While the world is busy trying not to go completely crazy over Syria and Egypt, the EU is quietly having a stab at the wonderful game of geopolitics. That game is taking place in a completely different theater: Eastern Europe.
Western politicians everywhere should take a close look at how this plays out. Not only are there eminently important issues at stake in countries such as Ukraine, Georgia, Moldova, and Azerbaijan. The EU’s Eastern Partnership could also be the blueprint for Western diplomacy in the emerging “nonpolar” world, a disorderly place with a high demand for stability but without a benevolent hegemon that is dominant and good-natured enough to guarantee it.
The EU’s Eastern Partnership, launched in 2009, is the bloc’s tool for relations with six former Soviet countries: Armenia, Azerbaijan, Belarus, Georgia, Moldova, and Ukraine. The EU’s aim is to move these states toward democracy, the rule of law, and open-market economics, in order to stabilize Europe’s Eastern glacis.
This has proven remarkably difficult, as the EU’s most powerful instrument for nudging stubborn neighbors in that direction—EU membership—is not applicable here. Full accession is just not an option for any of the six anytime soon.
So the Eastern Partnership is not only a test case for how powerful the EU can be beyond enlargement. It can also be seen as an example of the difficulties that a weakened West, led by the United States, will face in defending a rules-based liberal world order.
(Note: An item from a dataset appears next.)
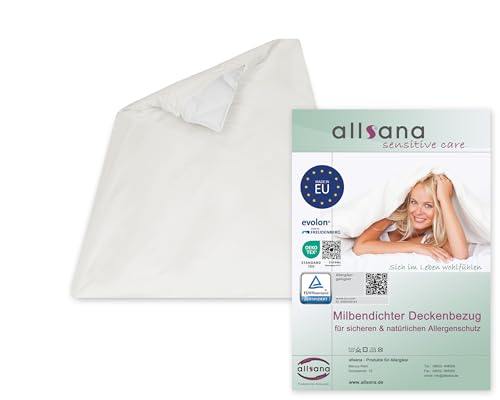 allsana Allergiker Deckenbezug 100x135 cm (Kinder) | Allergie Bettwäsche | Anti Milben Encasing | Milbenschutz für Hausstauballergiker | allergendichter Zwischenbezug für die Bettdecke | TÜV geprüft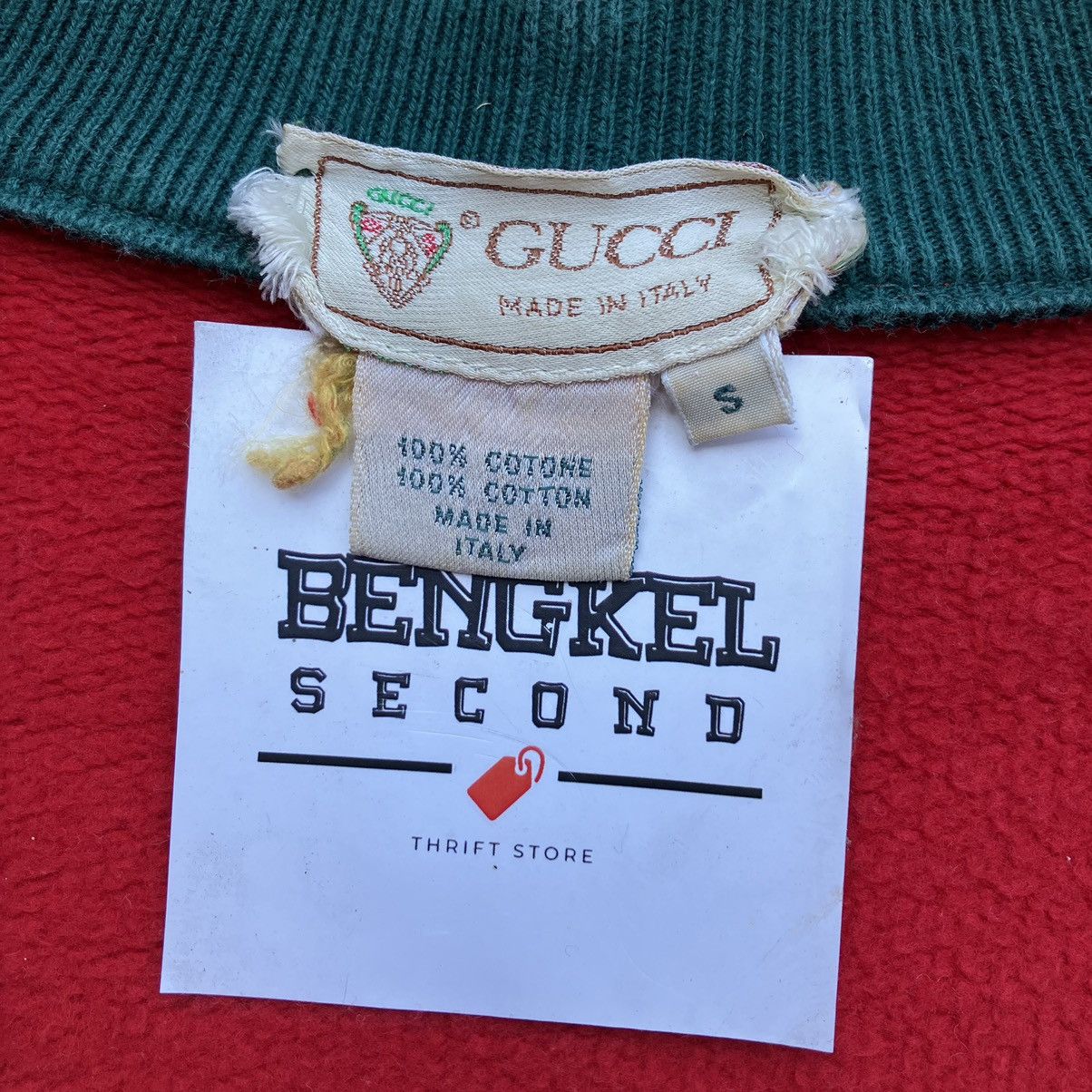 Gucci × Vintage GUCCI CARGIGAN VINTAGE 90s " RARE " EMBROIDERED LOGO Size US S / EU 44-46 / 1 - 7 Thumbnail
The EU’s attractiveness in its Eastern neighborhood is diminished by years of political and economic turmoil in the EU itself. The bloc is no longer the universally accepted model—emulated energetically by the transforming societies of Europe’s East—that it once was.
The EU lacks the hard power and, more importantly, the political will to play the game on its Eastern flank as a geopolitical contest with Russia. Yet Russia’s newly assertive power keeps dragging it into precisely that kind of game.
Likewise, the Europeans lack the political forcefulness to implement what the EU calls conditionality: to reward those who stay on the path of virtue, and punish those who deviate from it. Many leaders in Brussels and the member states abhor the idea of being accused of paternalism or, worse, neocolonialism.
As a consequence, the EU is engaged in a frantic search for the right tool that gets the right results: forceful yet sensitive, ambitious yet not imposing, target-oriented yet patient. In the meantime, Russia, which clearly looks at the politics of Eastern Europe as a battle over spheres of influence, perceives this agonizing as weakness.
The EU needs to find the solution soon, because after many years of diplomatic activity it is now crunch time. States in Europe’s East are ready to sign association agreements and free-trade deals. The EU’s partner countries expect to hear how the EU intends to move forward with the Eastern Partnership after the first four years. And the EU’s Central European member states, who have the strongest interest in making the initiative a success, want to know how much buy-in they can expect from their Western European partners.
This is the same dilemma that the United States and its allies face, on a larger scale, around the world. The age of Western dominance is over, yet the West still has considerable influence. But it is unclear how the West should use its remaining power smartly, effectively, and in a way that crisis-stricken, war-weary domestic audiences will accept. And it is unclear how to win over equally reluctant audiences abroad for a Western-style liberal world order.
In Eastern Europe, political elites fear getting too close to either Russia or the EU. Becoming too Western and embracing democratic reform could ruin the political business model that keeps them in power. Too much rule of law and transparency is simply too dangerous.
But getting sucked back into the Russian vortex is a similarly nightmarish prospect for them. The states of Europe’s East would become mere puppets of the Kremlin, dependent on the whims of a regime that does not suffer resistance lightly.
Ukraine is the best example of this. Belarus is already much closer to Moscow, yet in principle, the same mechanism applies. Georgia and Moldova are definitely willing to go West, but heavy dependencies on Russian energy, unresolved territorial disputes, and divisive domestic politics weigh them down.
How can the EU get out of this dilemma?
There is no simple answer. But just as U.S. President Barack Obama is currently learning the hard way that he needs to deal more robustly with Syria if he does not want to undermine America’s standing in the world, European leaders will have to embrace toughness in the Eastern Partnership if it is to succeed.
Yes, conditionality needs teeth. Yes, the EU is involved in a geopolitical game it cannot afford to lose. And yes, if EU foreign policy is ever to produce strategic results, then Europe’s East probably offers the best chance of getting them. The next four years of the Eastern Partnership should take a much bolder strategic direction.